We further assessed whether CypA knockdown affects key metastatic functions such as migration and invasion of AGS-derived GCSCs. As shown in the results from the wound closure assay, CypA-silenced AGS GCSCs showed reduced migratory capacity compared to non-silenced control cells (Fig. 3A). In addition, Transwell invasion assay revealed that CypA knockdown markedly inhibited the invasiveness of AGS GCSCs (Fig. 3B).

The high metastatic capacity of GCSCs is closely associated with the promotion of epithelial-mesenchymal transition (EMT) (5,19–21). We investigated whether CypA silencing affects the expression of key EMT-related proteins in AGS GCSCs. Western blotting results showed that CypA knockdown increased the levels of the epithelial cell marker E-cadherin, while decreasing the levels of mesenchymal cell markers, including vimentin and N-cadherin (Fig. 3C). This indicates that CypA silencing downregulates EMT. Therefore, these results suggest that CypA may upregulate the metastatic ability of GCSCs by promoting EMT.
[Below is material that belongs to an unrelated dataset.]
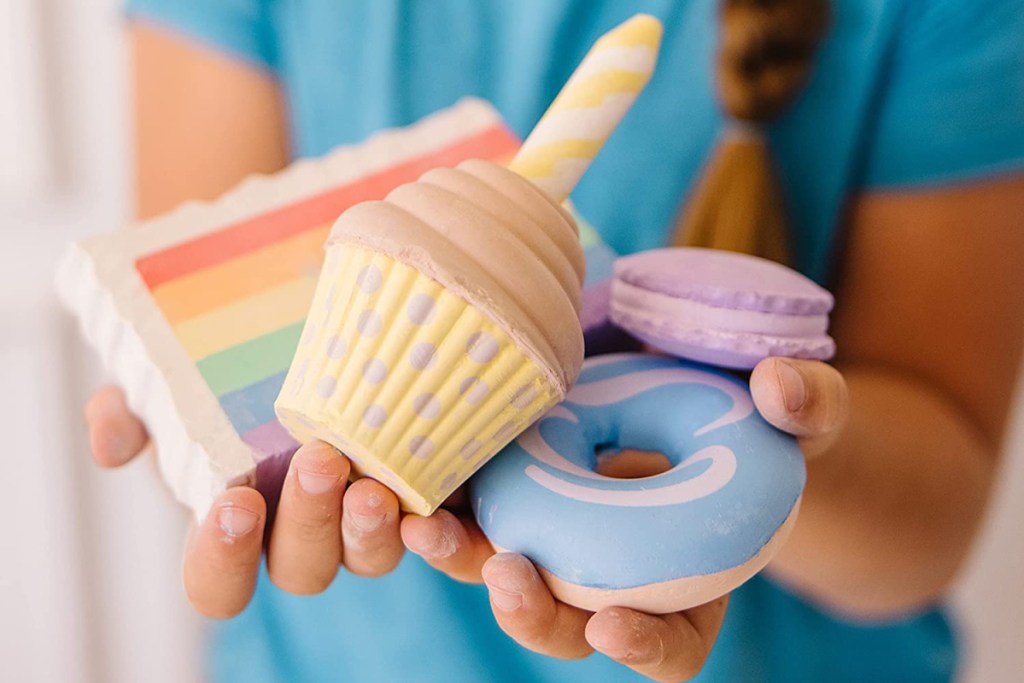 girl holding chalk shaped like cake bakery items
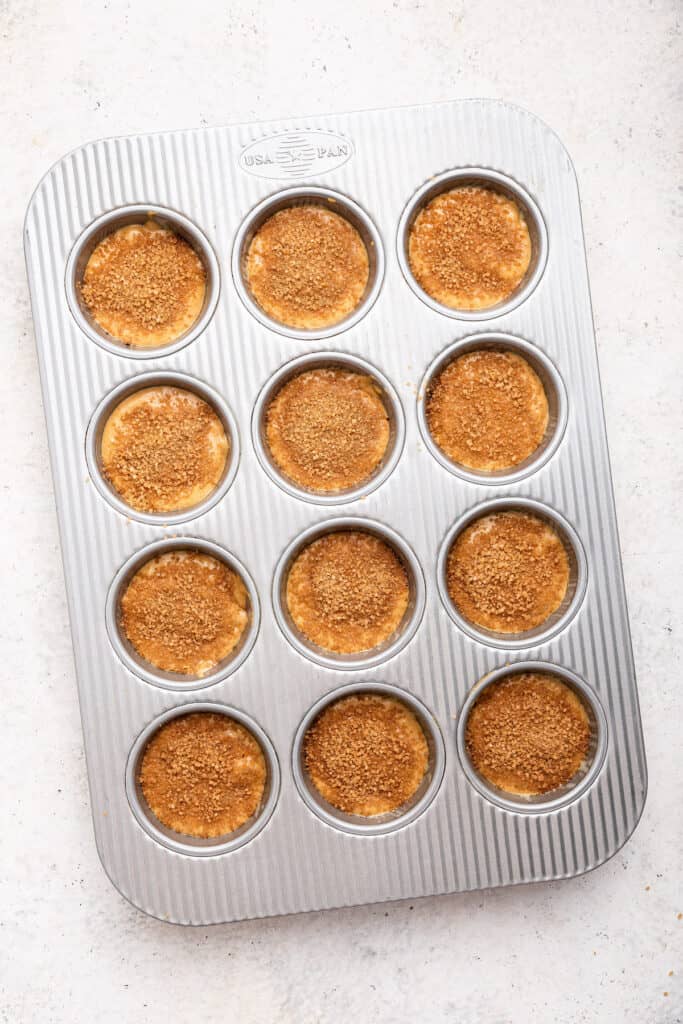 Overhead view of cinnamon muffins in pan before baking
Accumulating evidence has shown that CypA/CD147 interaction promotes cancer cell proliferation, metastasis, stemness, and resistance to therapies via the activation of key downstream oncogenic signaling pathways (10,22–24). Thus, we examined whether CypA silencing affects the expression levels of CD147 and downstream signaling effectors mediated by the CypA/CD147 axis, including ERK1/2, AKT, and signal transducer and activator of transcription 3 (STAT3), in AGS-derived GCSCs. As a result, CD147 expression was significantly suppressed by CypA knockdown (Fig. 4A). Moreover, CypA silencing markedly inhibited the levels of phosphorylated STAT3, AKT, and ERK1/2 relative to their total protein levels (Fig. 4A). These results indicate that CypA knockdown downregulates CypA/CD147-mediated downstream signaling pathways by reducing CD147 expression in AGS GCSCs.
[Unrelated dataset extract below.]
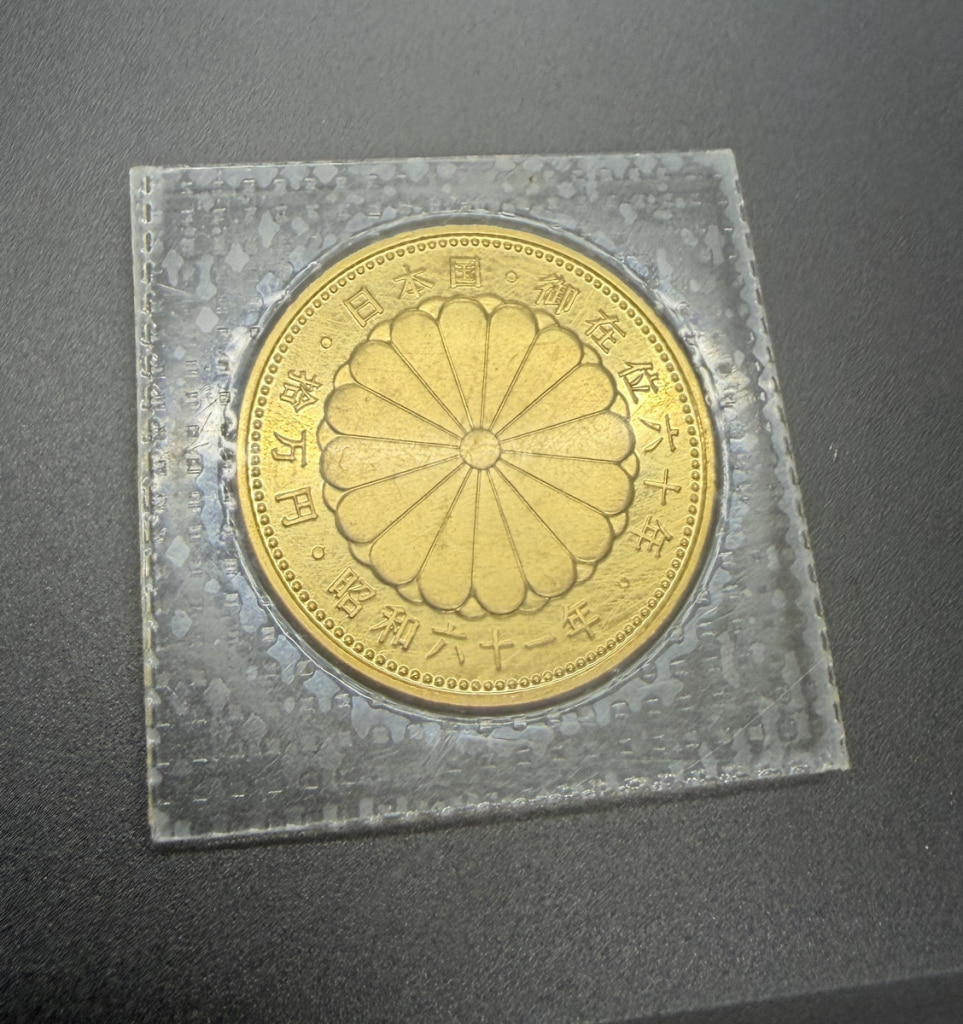 天皇陛下御在位60年記念 10万円金貨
Next, we evaluated the impact of CypA knockdown on the expression of major stem cell regulators. As shown in Fig. 4B, CypA knockdown effectively suppressed the expression of key stem cell surface markers such as CD133 and CD44, the specific cytoplasmic stem cell marker ALDH1A1, and master transcriptional regulators of stem cells such as OCT4, SOX2, and NANOG in AGS GCSCs. Taken together, these data imply that CypA may enhance the stem-like features of GC by upregulating stemness-related signaling and regulators through interaction with CD147.

To analyze the impact of CypA knockdown on the in vivo tumor-forming potential of AGS-derived GCSCs, we performed a chick embryo chorioallantoic membrane (CAM) assay. Non-silenced control cells or CypA-silenced cells were mixed with ECM gel, implanted on the CAM surface, and cultured for 7 days. The weight and size of the developed tumor were then calculated. In the control group, tumors averaged 6.6 mg in weight and 3.2 mm in diameter, whereas tumors in the CypA knockdown group averaged 2.4 mg in weight and 2.0 mm in diameter (Fig. 5). These findings indicate that CypA silencing significantly suppressed in vivo tumor growth derived by AGS GCSCs. Therefore, CypA may play a crucial role in sustaining the tumorigenic ability of GCSCs.